Workflow Builder Overview
How Triggo workflows work — canvas, nodes, edges, and the draft/active lifecycle.
Workflow Builder Overview
A workflow in Triggo is a small program you assemble visually. This page explains the pieces and how they fit together.
What a workflow is
A workflow is a directed acyclic graph (DAG): a set of nodes that do the work, connected by edges that route data between them. "Acyclic" means a node never feeds back into one of its own ancestors — data always moves forward.
When a workflow runs, the executor walks the graph in topological order using Kahn's algorithm. Every node waits for its parents to finish before it starts, so you can reason about a workflow as a sequence of steps even when branches run side by side.
The canvas
The canvas is where you build the workflow. You drag nodes in from the side panel and connect them by drawing edges between their handles. Selecting a node opens its inspector, where you fill in its configuration — credentials, fields, conditions.
The canvas always shows the draft version of the workflow. Edits you make on the canvas don't affect a running workflow until you publish them.
Node categories
Triggo has four kinds of nodes:
- Trigger — exactly one per workflow.
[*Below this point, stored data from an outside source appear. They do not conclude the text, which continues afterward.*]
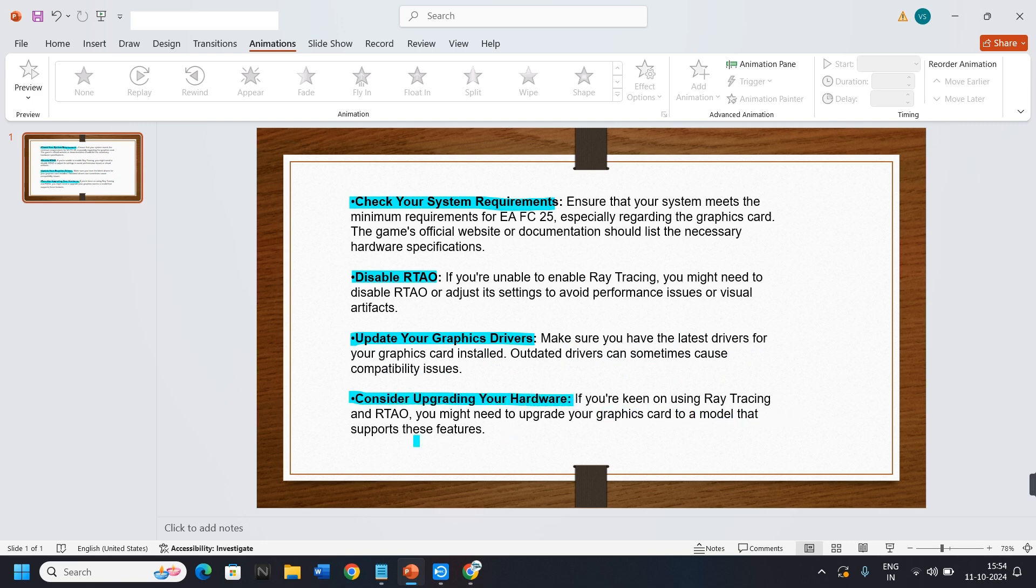4. Consider upgrading your hardware. If you are keen on using ray tracing and RTO, you might need to upgrade your graphics card to a model that supports these features.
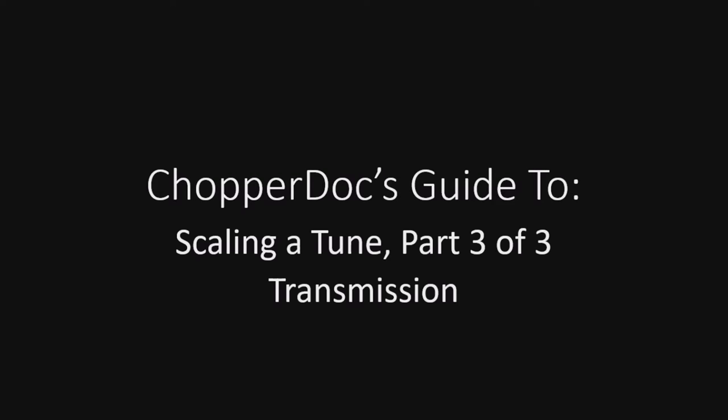All right, welcome to Chopper Doc's guide to Scale on a Tune, part 3 of 3, the long awaited installment of our three-part series. This one we're going to focus on the transmission, and thank God it's a lot shorter than the engine. It's actually pretty simple, so stay tuned, we'll get right to it.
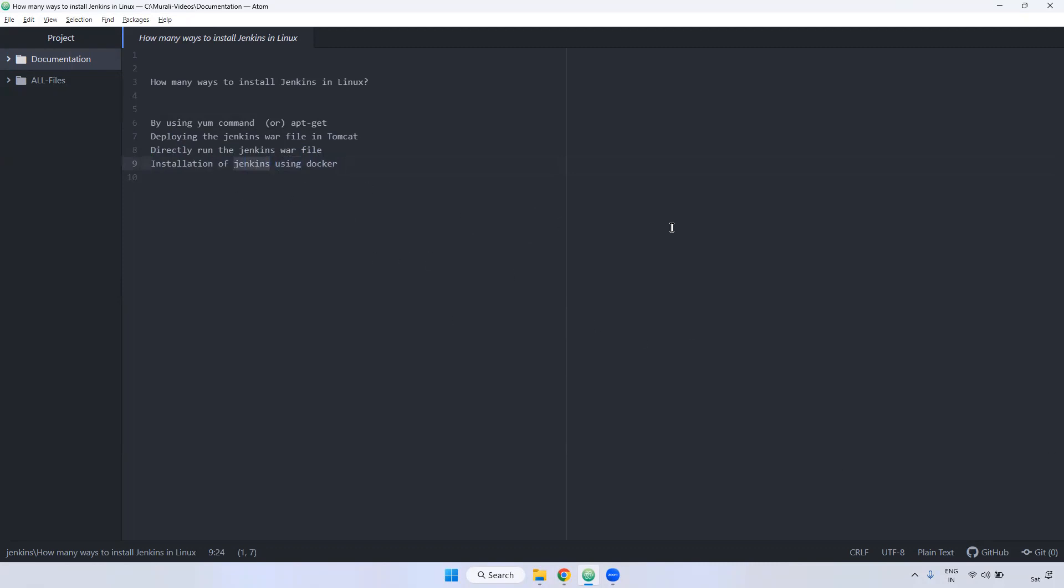But in real-time, majority they will use yum, and some of the people, some of the projects will directly deploy Jenkins in Tomcat. And third one is running as a container, the particular Jenkins.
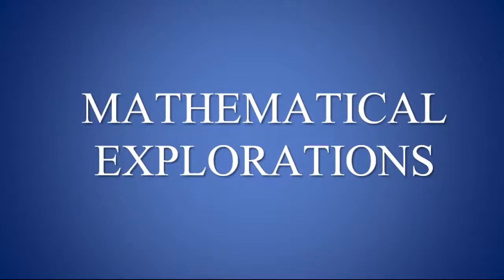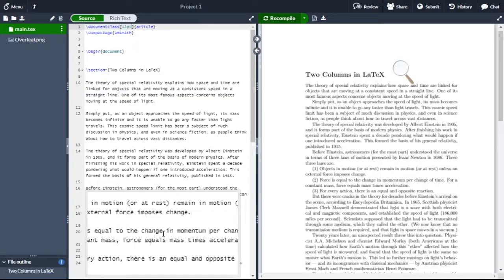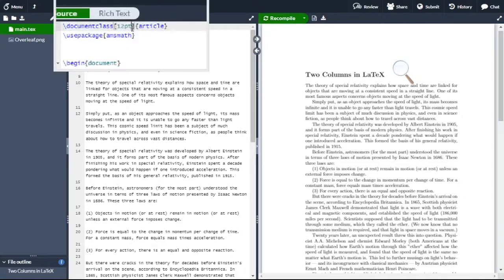Hello everyone, welcome to Mathematical Explorations. In this video I am going to show you how to display content in a two-column layout in LaTeX. To display content in two columns in LaTeX, you have to just include 'twocolumn' in your document class. After 12pt, give one comma, then write 'twocolumn'.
The trigger starts every run. It can be a webhook, a scheduled time, or an event from an external service. See triggers.
- Connector actions — call out to external services (AmoCRM, Telegram, Google Sheets, and the rest of the catalog). One node, one operation.
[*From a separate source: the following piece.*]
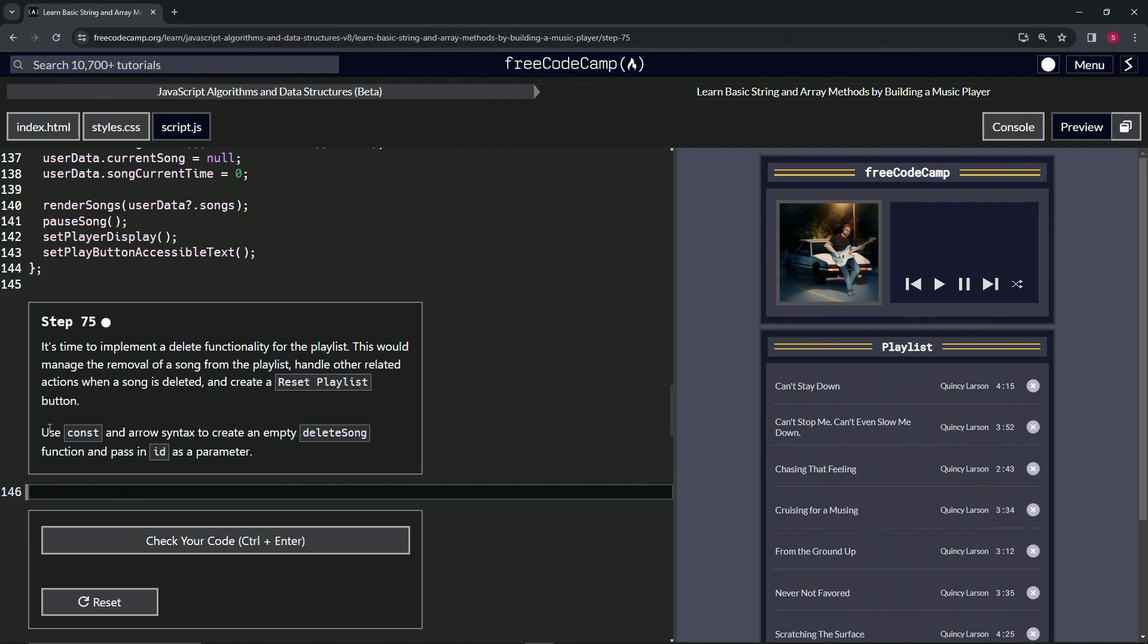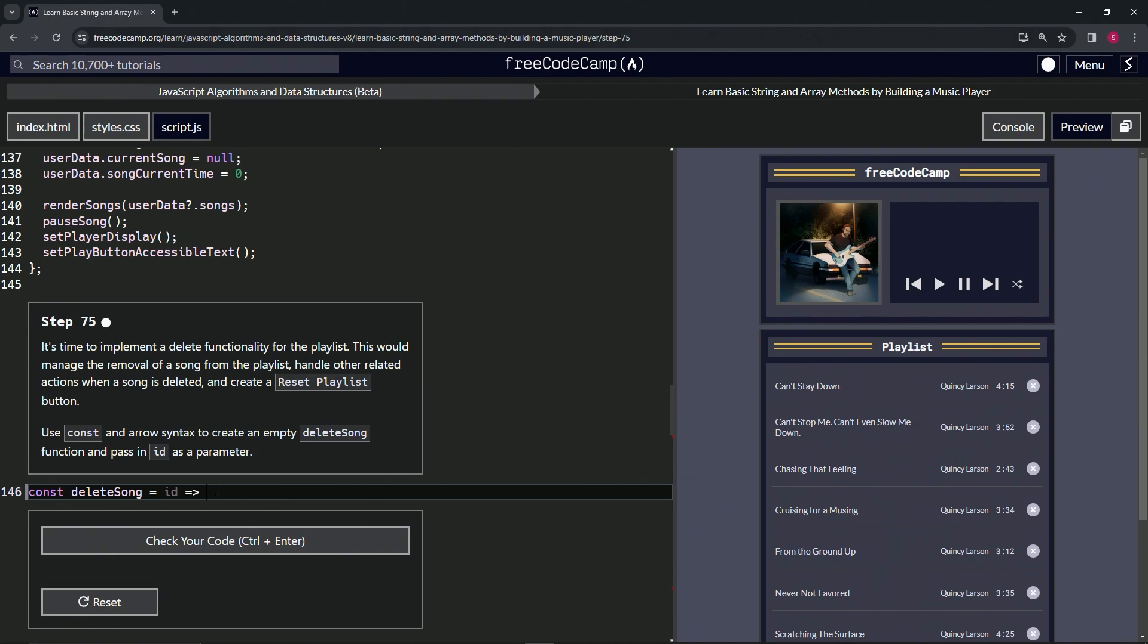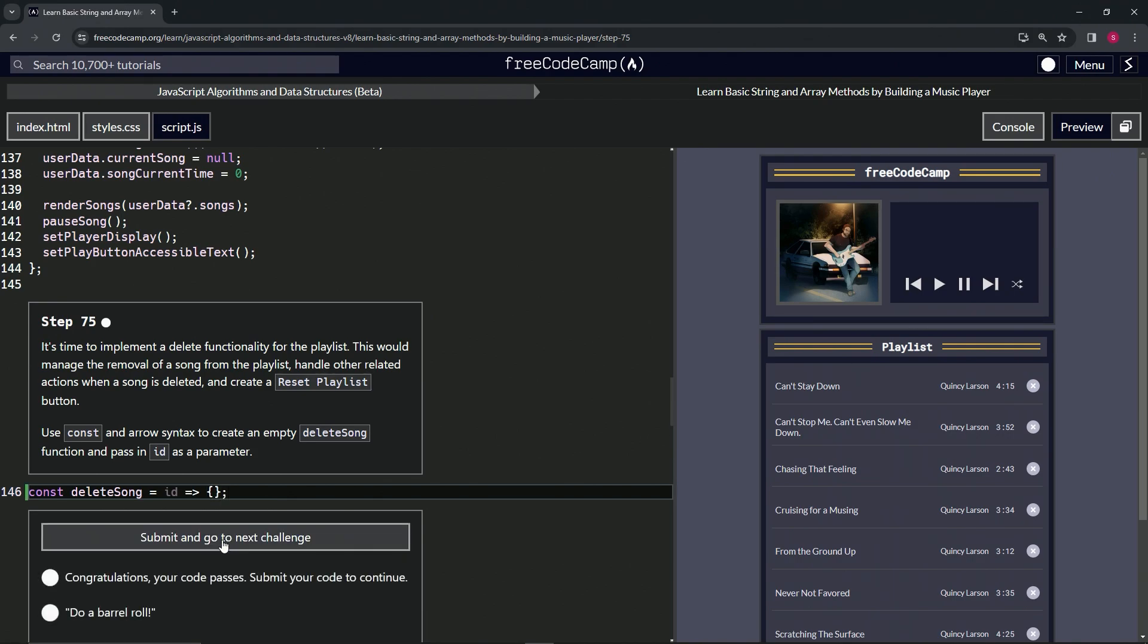We'll use const and arrow syntax to create an empty delete song function and pass in ID as a parameter. So we'll start off by saying const delete song, we'll have that equal ID, we'll have the arrow after that, and then we'll have the empty object followed by a semicolon. Let's check the code, looks good, and submit it.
- System nodes — building blocks that don't talk to a single integration: Loop, Condition, HTTP request, and similar flow-control primitives. (Dedicated reference page in progress — see the Code node docs meanwhile.)
- Code node — run JavaScript or TypeScript when no built-in node fits. See code node.
Edges and data flow
Edges carry data from a parent node to its children. A child node can reference the output of any ancestor — not just its direct parent — by name. Use the field mapping editor in the inspector to wire values through; see field mapping for the syntax.
If a node is unreachable from the trigger, it never runs. If a branch is skipped (for example, by a Condition node), its descendants are skipped too.
Draft vs active
Every workflow has two faces:
- The draft is what you edit on the canvas. Changes are saved as you go but have no effect on production.
- The active version is the one that actually runs when the trigger fires. Only one version can be active at a time.
To promote your draft, click Publish in the canvas toolbar. Triggo snapshots the current draft as a new version and makes it active; the previous active version is kept in history so you can roll back. See activation and versioning for the full lifecycle.